(Collection entries)
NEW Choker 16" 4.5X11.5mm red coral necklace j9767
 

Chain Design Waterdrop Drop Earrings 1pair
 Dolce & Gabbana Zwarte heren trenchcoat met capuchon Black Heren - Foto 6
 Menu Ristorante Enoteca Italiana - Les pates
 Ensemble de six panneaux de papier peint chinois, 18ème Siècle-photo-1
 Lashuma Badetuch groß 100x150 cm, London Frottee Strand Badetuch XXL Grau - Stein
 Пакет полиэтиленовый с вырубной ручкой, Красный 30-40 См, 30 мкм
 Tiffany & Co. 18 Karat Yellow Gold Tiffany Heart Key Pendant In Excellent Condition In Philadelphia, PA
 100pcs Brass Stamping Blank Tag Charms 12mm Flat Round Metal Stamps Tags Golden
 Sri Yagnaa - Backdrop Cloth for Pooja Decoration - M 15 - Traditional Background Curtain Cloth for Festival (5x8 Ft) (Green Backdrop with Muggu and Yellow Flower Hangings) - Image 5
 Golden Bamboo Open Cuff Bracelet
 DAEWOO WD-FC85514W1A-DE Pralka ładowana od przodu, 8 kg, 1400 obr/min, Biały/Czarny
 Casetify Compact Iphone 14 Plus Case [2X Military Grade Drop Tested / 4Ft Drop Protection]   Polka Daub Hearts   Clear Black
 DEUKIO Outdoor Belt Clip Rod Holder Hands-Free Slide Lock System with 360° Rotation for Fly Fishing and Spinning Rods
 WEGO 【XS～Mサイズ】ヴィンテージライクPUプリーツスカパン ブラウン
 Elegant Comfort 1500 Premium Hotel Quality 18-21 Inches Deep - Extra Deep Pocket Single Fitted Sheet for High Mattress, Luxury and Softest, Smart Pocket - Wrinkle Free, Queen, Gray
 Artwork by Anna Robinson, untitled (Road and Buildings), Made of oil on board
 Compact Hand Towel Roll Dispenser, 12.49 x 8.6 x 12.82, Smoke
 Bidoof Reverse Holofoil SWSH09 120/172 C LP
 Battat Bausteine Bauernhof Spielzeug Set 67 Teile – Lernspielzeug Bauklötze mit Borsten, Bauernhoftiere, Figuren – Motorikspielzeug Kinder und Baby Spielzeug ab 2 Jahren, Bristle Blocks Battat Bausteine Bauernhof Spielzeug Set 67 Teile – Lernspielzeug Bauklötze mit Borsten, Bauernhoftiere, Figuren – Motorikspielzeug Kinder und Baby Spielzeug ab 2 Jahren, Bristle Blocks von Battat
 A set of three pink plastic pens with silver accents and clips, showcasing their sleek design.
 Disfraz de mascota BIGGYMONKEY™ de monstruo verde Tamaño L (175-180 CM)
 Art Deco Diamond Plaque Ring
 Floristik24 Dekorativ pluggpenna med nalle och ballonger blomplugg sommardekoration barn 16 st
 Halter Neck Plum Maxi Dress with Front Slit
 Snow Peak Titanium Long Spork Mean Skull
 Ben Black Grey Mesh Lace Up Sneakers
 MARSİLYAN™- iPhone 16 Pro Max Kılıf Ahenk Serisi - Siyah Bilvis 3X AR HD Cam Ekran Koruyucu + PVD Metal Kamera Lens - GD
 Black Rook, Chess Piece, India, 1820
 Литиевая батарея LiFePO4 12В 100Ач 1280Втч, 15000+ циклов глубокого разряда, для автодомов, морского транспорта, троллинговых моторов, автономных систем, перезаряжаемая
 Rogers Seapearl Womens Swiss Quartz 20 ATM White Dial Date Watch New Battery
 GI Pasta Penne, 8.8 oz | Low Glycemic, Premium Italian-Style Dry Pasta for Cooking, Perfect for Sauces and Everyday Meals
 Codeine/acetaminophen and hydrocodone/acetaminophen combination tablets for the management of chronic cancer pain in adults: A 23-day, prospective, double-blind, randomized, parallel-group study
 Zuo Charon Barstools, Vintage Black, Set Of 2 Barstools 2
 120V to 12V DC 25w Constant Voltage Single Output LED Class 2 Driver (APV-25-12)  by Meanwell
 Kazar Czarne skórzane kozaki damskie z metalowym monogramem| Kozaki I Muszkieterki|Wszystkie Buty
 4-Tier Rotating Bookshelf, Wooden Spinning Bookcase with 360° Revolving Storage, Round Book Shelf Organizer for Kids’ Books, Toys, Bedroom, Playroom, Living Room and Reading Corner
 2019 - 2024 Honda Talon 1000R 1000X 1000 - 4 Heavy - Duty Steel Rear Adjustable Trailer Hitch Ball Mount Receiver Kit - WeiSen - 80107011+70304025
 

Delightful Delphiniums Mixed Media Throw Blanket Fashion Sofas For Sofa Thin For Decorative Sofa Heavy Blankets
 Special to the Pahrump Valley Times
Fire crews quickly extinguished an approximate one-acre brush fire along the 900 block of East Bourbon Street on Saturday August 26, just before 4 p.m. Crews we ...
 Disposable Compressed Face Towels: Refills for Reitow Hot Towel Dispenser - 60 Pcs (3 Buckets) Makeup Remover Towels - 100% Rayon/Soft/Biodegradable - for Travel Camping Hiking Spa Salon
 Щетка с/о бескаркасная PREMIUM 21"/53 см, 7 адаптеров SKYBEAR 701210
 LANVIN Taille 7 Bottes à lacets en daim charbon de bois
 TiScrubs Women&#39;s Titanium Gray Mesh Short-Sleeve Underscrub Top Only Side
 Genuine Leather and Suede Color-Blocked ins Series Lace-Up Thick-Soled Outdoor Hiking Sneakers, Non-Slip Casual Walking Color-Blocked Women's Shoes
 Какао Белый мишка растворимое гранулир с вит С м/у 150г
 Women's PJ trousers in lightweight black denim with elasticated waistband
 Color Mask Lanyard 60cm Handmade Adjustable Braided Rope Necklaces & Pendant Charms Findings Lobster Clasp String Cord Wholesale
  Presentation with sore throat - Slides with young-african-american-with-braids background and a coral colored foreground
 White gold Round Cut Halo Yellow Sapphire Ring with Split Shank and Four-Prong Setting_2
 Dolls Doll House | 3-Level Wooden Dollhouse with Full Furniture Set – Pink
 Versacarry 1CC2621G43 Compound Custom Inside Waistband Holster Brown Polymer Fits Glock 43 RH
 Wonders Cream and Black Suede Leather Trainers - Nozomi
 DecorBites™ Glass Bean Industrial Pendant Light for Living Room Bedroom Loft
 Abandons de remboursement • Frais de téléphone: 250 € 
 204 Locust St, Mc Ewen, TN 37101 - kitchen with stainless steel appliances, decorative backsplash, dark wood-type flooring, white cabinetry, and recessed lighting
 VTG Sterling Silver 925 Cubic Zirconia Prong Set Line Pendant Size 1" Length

- ABOUT THIS TASK
Write out exactly the lines that begin at the one containing "Abandons de remboursement" and continue through the last line of the data, and only those.

- SOLUTION FOR THIS EXERCISE
 Abandons de remboursement • Frais de téléphone: 250 € 
 204 Locust St, Mc Ewen, TN 37101 - kitchen with stainless steel appliances, decorative backsplash, dark wood-type flooring, white cabinetry, and recessed lighting
 VTG Sterling Silver 925 Cubic Zirconia Prong Set Line Pendant Size 1" Length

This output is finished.